**Try it:** Look through the listing below for the string "Premium". Show each line where it occurs.

**Provided data:**
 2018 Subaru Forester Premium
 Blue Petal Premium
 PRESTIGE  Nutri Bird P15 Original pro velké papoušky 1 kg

**Result for this task:**
 2018 Subaru Forester Premium
 Blue Petal Premium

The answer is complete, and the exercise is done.